MENACING YOUR CHARACTER: Dimpled Mary was adorable (tell about her, make us love her.) Just learning to walk, she is curious about everything, reaches for everything, wants to touch it. One Monday morning, her harried mother left a pot of water boiling on the stove while she briefly left the kitchen to answer the phone. Mary looked up at the shinny brown and copper handle of the pot sticking out. She crawled to the stove and stood up, stretching her hand high for the handle….


Throughout the story, we want the reader to worry about bad things that might happen to our sympathetic characters. If your character is sympathetic and menaced, you have created a page-turning state of anxiety and apprehension in the reader. Now light the fuse.


LIGHTING THE FUSE: Time! Time–time running out in COWBOY LIES. Matt must get his baby and Molly out of harm’s way. But even the FBI, the agency he worked for, is throwing road blocks to stop him. Will he make it?


It was day zero when Matt took his brother Luke’s call.. His brother had been watching Molly and her guards from the hotel across the courtyard through high-powered binoculars. “It’s time,” he said. “A woman took yer baby to the adjoining room,” he said in his Texas twang. “Jus’ her, no agents.”


Matt’s throat tightened. It’s was the kind of break the kidnapper’s would watch for. He had to get there first. He raced down the hall and knocked on the door adjacent to Molly’s suite.

“Who is it?” Came a voice he recognized—Agent Gina Nagales.

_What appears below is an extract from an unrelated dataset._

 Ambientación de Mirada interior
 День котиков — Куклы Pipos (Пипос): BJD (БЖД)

“Matt Ryan. I have a court order.”

“Stand in front of the peep hole,” Gina said.

He complied, and she opened the door, gun in hand.

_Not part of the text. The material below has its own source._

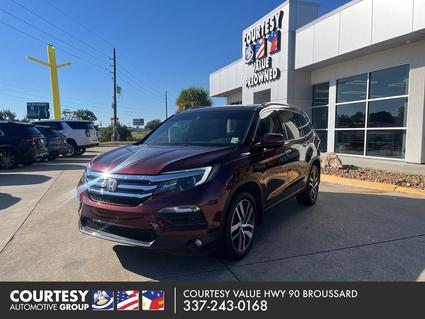 2018 Honda Pilot Broussard LA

“You won’t need that. I’m alone.”

Gina tucked the gun back into her holster. Sara Jane was in the play pen, babbling happily. God, she’d grown. He’d missed all those months. Matt showed Gina his phony temporary custody order.

She frowned. “No one told me about this. Hold on. Ramon and Gordon will be here in a moment. You can show this to them.”

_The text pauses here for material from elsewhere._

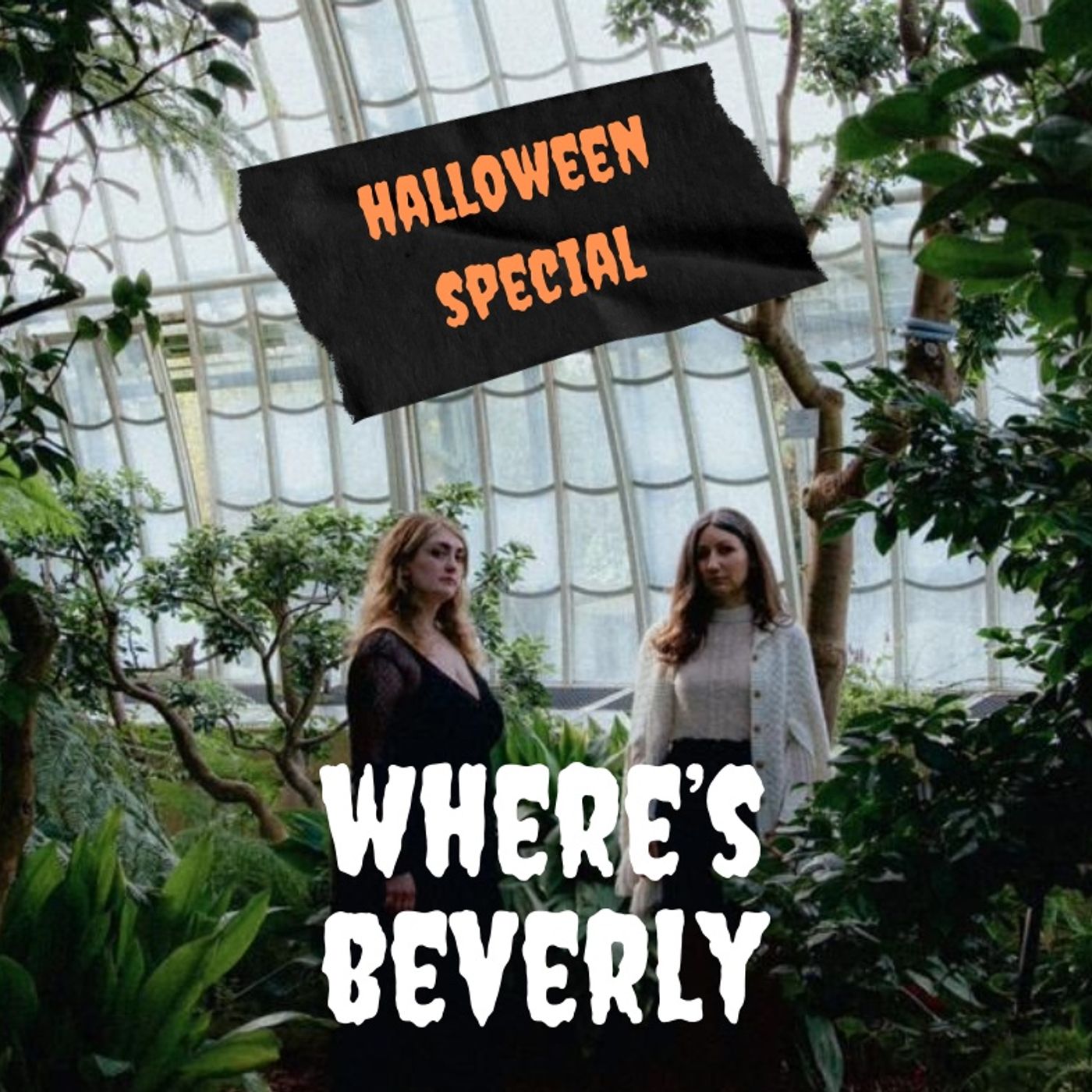 Where\'s Beverly?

            Prepared for resistance, Matt lunged at Gina with a cloth permeated with chloroform and held it over her nose until she stopped struggling and went limp. “I’m breaking every kind of law here,” he whispered.


MURDER IN THE CLEAR ZONE, LYNDE LAKES This beginning lights the fuse for what is to come and that is necessary from the get-go.

            Bard Nichols worked in the field which in this instance meant the area within the Aircraft Clear Zone for Norton Air Force Base, better described now as a war zone.

            The thought of the unrest in the clear zone brought Paula Lord’s frizzy red hair and brilliant blue eyes to mind. He couldn’t think of the problems there without seeing the image of the twenty-four-year-old widow. She was trouble. And it wasn’t just her seventy-five birds that gave him a headache.



MEMORABLE CHARACTERS: Readers can’t sympathize with a wimpy character who can only suffer and wallow in self-pity. They want a character ready and willing to take action. It may not be the right action, but they will jump into the conflict and give it their all. All characters, even wimps, must be dynamic—driven and want something desperately. This desperation is the force inside that fires-up characters. Dynamic characters have conflicting emotions and desires. These strong emotions, such as ambition and love, fear or patriotism or faith, lust, or some other raging emotional fire, pulls our dynamic characters in more than one direction. Only action will lead to more story conflict and more inner conflict.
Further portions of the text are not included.